▸ **Data section**:
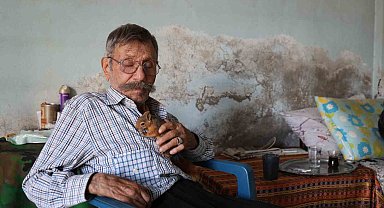 Yalnız kalmıştı, yavruyken kurtardığı 'sincap' dostu oldu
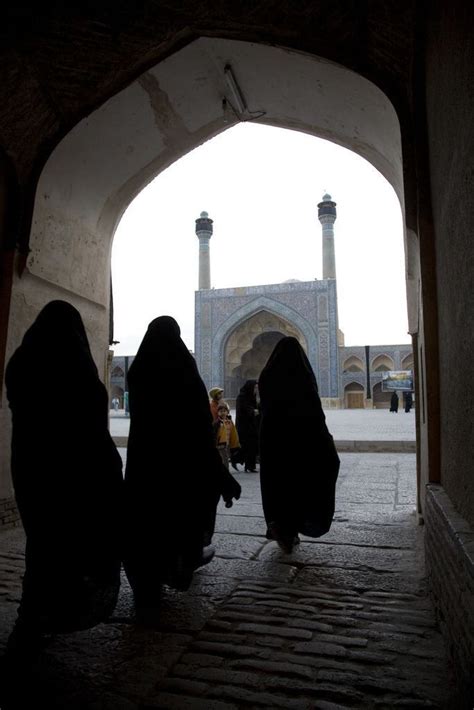 Pin By Zehra On Hijab Niqab Hijab Niqab Muslim Women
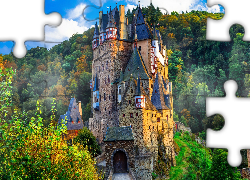 Zamek Eltz, Lasy, Wzgórze, Drzewa, Mgła, Jesień, Rejon Eifel, Nadrenia Palatynat, Niemcy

▸ **Problem details**: Copy nothing but the lines from the line that contains "Pin By Zehra" through the end of the listing, exactly, and keep pictures out of it.

▸ **The answer**:
 Pin By Zehra On Hijab Niqab Hijab Niqab Muslim Women
 Zamek Eltz, Lasy, Wzgórze, Drzewa, Mgła, Jesień, Rejon Eifel, Nadrenia Palatynat, Niemcy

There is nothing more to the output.